There was a sound that drew his attention. I looked behind me to see what it was. The front door opened. A woman I assumed was his mother was standing in the doorway. “Everything okay, Jared?”

“Fine, Ma.” Then in a quieter voice to us: “I have to go.”

I stepped in his path. I didn’t exactly block him, but the move definitely had some force behind it. “Wait a second,” I said. “The two of us came a long way.”

“For what?” he asked.

I looked at Rachel. She looked at me. I didn’t have an answer. Jared Lowell wasn’t missing. He wasn’t in danger. He was, it seemed, a jerk, but that didn’t make him in need of rescue.

“Why did you stop communicating with Ema?” I asked again.

“None of your business.”

Again his eyes drifted toward Rachel, and when they did, a cold realization entered my brain.

“Oh man,” I said.

“What?”

“When did you first see a picture of Ema?”

“What?”

A small seed of anger began to grow in my chest. “When did you first see what Ema looked like, Jared?”

He shrugged. “I don’t remember.”

“No?” I said. “So maybe-wild guess here-it was around the time you decided not to talk to her anymore?”

“I told you. We never talked.”

“E-mailed, texted, whatever. You know what I mean. Is that when you first saw her picture?”

But I saw something churning behind his eyes. “Yeah? So what of it?” He grabbed my arm and pulled me away from Rachel. He spoke in a soft voice.

“Dude, do you really blame me? I mean, look at the girl you’re with.”

I was actually cocking my fist when I remembered that his mom was still at the front door.

“Jared?” she called out.

“I’ll be there in a second, Ma.” He leaned close to me and kept his voice low. “Look, okay, maybe I should have told her better. Maybe I should have made it clearer, but really, it wasn’t a big thing.”

“It was to her.”

“That’s not my problem.”

“Yeah, Jared, it is.”

“What? Are you going to hit me, big man?

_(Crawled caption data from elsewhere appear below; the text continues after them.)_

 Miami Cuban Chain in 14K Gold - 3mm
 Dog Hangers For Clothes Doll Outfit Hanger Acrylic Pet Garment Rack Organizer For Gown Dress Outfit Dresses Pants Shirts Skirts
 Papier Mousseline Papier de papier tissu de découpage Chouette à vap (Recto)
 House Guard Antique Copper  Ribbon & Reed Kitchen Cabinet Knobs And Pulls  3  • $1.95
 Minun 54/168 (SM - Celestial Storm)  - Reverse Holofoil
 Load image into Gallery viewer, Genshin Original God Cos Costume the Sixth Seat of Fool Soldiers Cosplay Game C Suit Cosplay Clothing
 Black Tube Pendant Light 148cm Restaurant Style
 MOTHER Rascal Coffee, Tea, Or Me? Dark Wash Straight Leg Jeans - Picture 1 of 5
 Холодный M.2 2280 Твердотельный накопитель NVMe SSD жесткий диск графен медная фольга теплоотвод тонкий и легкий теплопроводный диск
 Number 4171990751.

Defend Ema’s honor?”

Man, I wanted to. I wanted to smack him good and hard. “You have no idea what a great person Ema is.”

“Then why don’t you date her?” He grinned. “I’d be happy to take Rachel off your hands.”

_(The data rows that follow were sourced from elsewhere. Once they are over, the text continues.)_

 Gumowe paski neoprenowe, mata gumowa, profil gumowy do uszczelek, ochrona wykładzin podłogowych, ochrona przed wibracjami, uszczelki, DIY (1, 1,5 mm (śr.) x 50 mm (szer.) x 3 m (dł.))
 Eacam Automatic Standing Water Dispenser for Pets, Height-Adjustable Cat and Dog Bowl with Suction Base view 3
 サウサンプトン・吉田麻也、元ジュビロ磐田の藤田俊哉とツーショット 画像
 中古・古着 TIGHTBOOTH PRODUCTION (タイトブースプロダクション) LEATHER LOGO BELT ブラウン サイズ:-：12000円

Rachel put her hand on my shoulder, her way of telling me to stay calm. “Not worth it,” she whispered.

“Look,” Jared said, “I’ll e-mail her, okay? I’ll let her know. You’re right about that. But, Mickey? You better get out of my face now, because one thing is for sure: This is none of your damned business.”

CHAPTER 30

I called Ema, but it went straight into her voice mail. I sent her a brief text: Found Jared. He’s safe. Call if you have any questions.

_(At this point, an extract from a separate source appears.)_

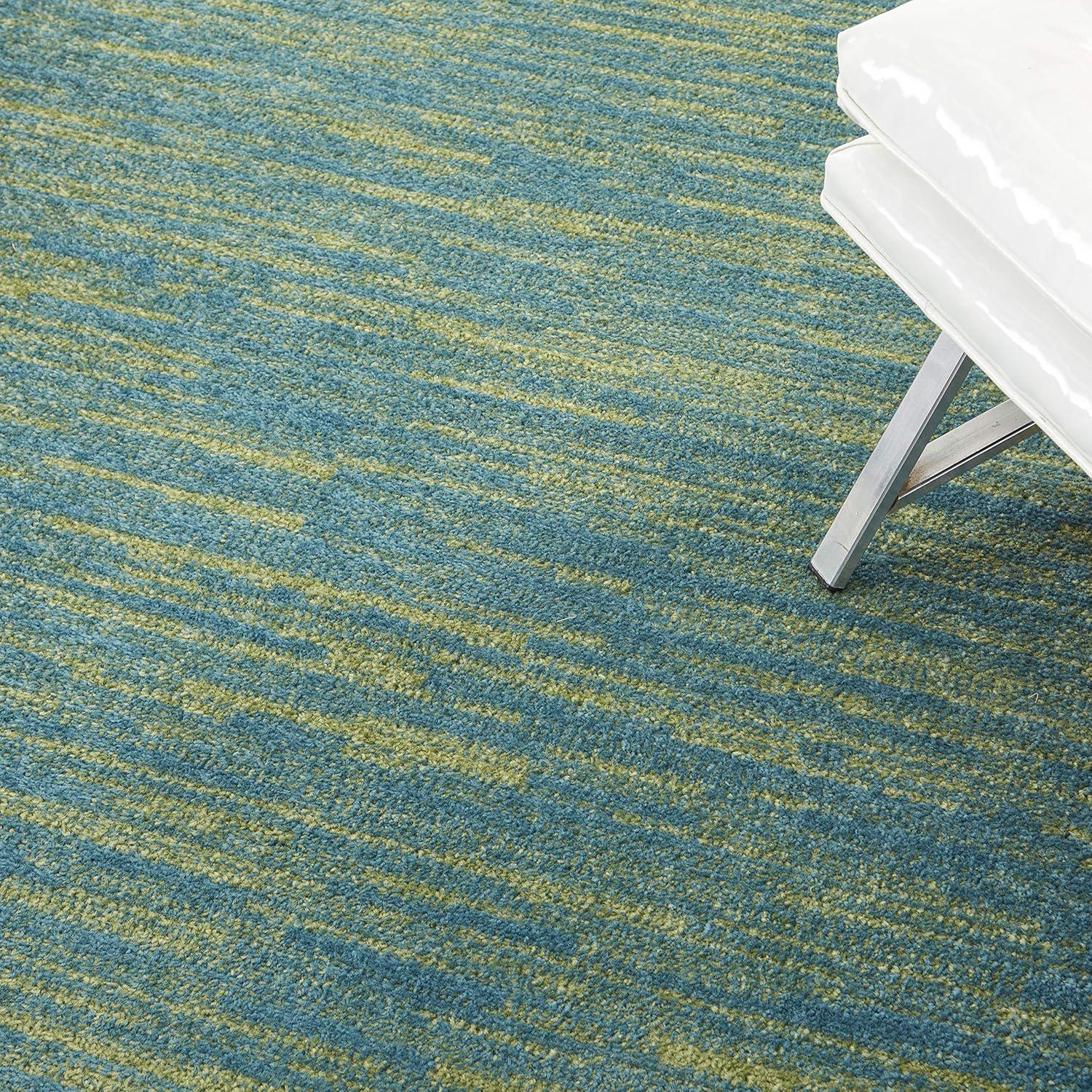 Nourison Nourison Essentials NRE01 Indoor/outdoor Area Rug - Blue Green 6' x 9'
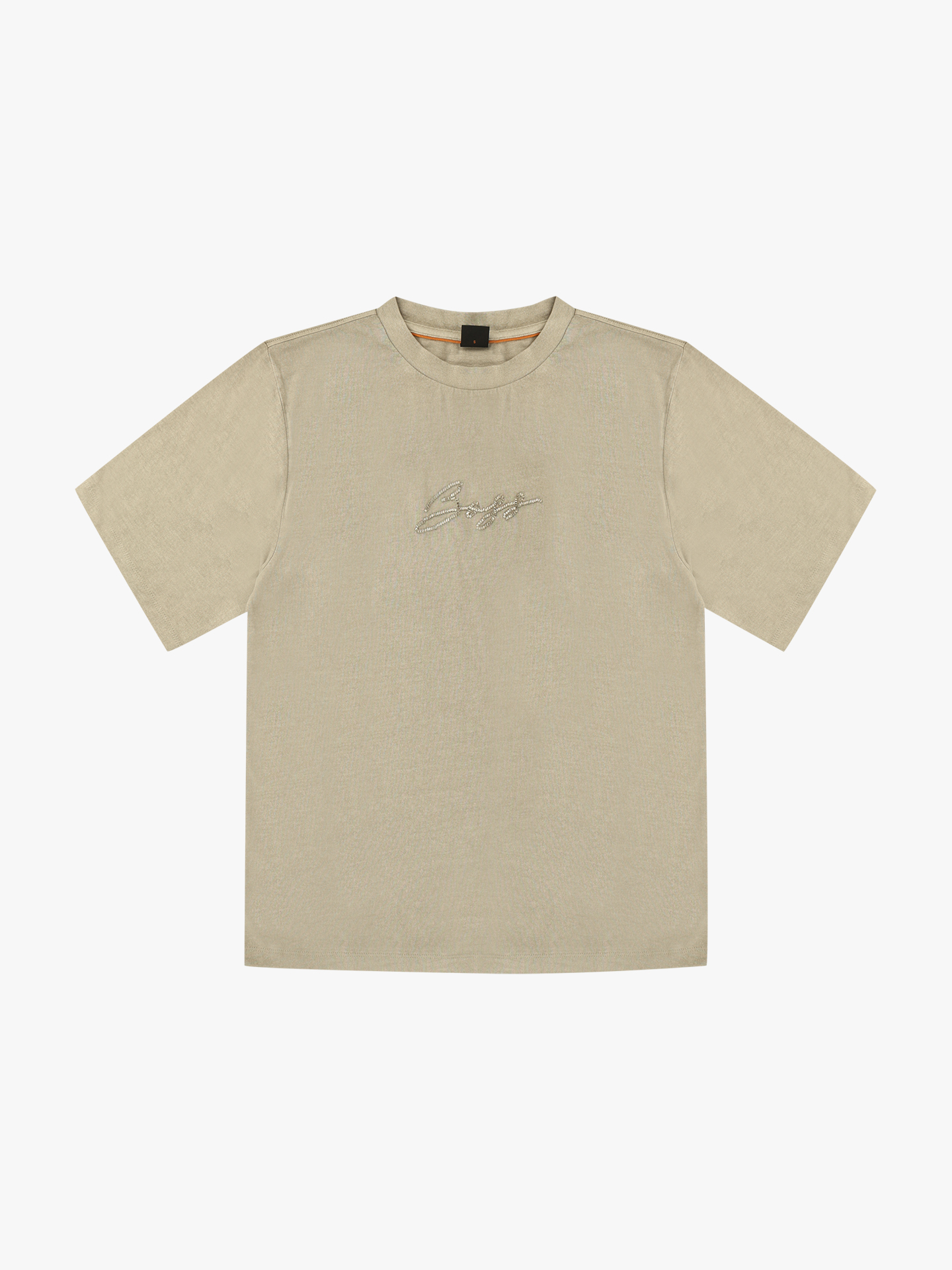 T-shirt com Detalhe de Missangas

“I blew it,” I said to Rachel.

“How?”

“Got too aggressive.”

“You were mad.”

“It’s just… when I think of Ema waiting by her computer…”

Rachel smiled. “You’re sweet.”

I shook my head. “I didn’t even ask him the important question.”

“That being?”

“Why is Jared home? Why isn’t he still at school?”

“We didn’t come to change his life,” Rachel said. “We were supposed to find him. Mission accomplished.”

I knew that she was speaking the truth. Jared had vanished-and we had found him. Period. The end.

But something felt very wrong about it.

When we arrived back home, I got a text from Brandon Foley: Anything new on Troy’s test?

I thought about it. I simply was not buying that Buck’s mother would suddenly be granted full custody and that he would have to move away. Sure, I had heard of some pretty strange arrangements in cases of divorce, but who would move a kid when he was seventeen years old and already into his final year of high school?

It might make sense in a vacuum-if that was all that had happened. But at the same time Buck decided to leave, his best friend and cohort in crime, Troy Taylor, failed a drug test.

Coincidence?

I didn’t think so. Troy insisted that he’s innocent, and most of the guys on the team seemed to believe him. I started drawing little lines in my head, trying to make things connect.

My brain started to hurt.

I needed more information, so as soon as I made sure Rachel was home safe and sound, I decided that it was time I had a heart-to-heart with Troy.